18. Mr. Masekoameng testified that he had no pre-briefing with the director, introduced himself as did all the parties present, considered all evidence as well as closing arguments of both parties and mitigation and aggravation. Regarding the closing arguments he indicated to the parties that this was not the time to introduce new evidence but to concentrate on the merits of the evidence presented.

19. The witness also testified that the applicant was given ample opportunity to cross-examine but did not do so as he started testifying. He then informed the applicant to cross-examine as he will later be given an opportunity to testify.

20. Mr.

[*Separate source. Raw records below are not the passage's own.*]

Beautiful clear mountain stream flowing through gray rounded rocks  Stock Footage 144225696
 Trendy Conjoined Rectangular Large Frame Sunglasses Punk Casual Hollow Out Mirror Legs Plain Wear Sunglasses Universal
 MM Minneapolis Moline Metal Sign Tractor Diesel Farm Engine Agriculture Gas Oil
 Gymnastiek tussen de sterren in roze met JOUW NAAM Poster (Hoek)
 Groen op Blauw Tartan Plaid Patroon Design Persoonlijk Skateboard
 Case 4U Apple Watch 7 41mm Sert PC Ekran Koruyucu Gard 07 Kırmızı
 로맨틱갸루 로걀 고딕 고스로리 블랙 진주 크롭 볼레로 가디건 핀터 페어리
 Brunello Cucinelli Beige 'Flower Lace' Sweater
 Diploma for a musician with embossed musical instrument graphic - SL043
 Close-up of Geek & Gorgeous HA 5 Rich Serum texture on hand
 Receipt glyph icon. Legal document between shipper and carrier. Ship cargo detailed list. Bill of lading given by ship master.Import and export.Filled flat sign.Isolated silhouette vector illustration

Masekoameng submitted that the applicant informed him that he had referred the matter to the public protector and that he had indicated that this does not impact on the authority of the employer to institute disciplinary proceedings.

21. The applicant had the onus to proof on a preponderance of probabilities that the 3 months’ unpaid suspension was unfair by showing that the reason was unfair and that he had no opportunity to state his case.

22 It was already stated that the applicant did not dispute the reason for the sanction in that he never testified that he was not guilty of the charges. His only averment regarding this issue was that the charges were brought about as reaction to his grievance against the director. This allegation was not substantiated in any way.

23. The applicant’s attack on the alleged procedural irregularities was dealt with in detail and it seems that his view of the irregularities is merely his presumptions that led to his view. These presumptions were not substantiated and thus remain assumptions.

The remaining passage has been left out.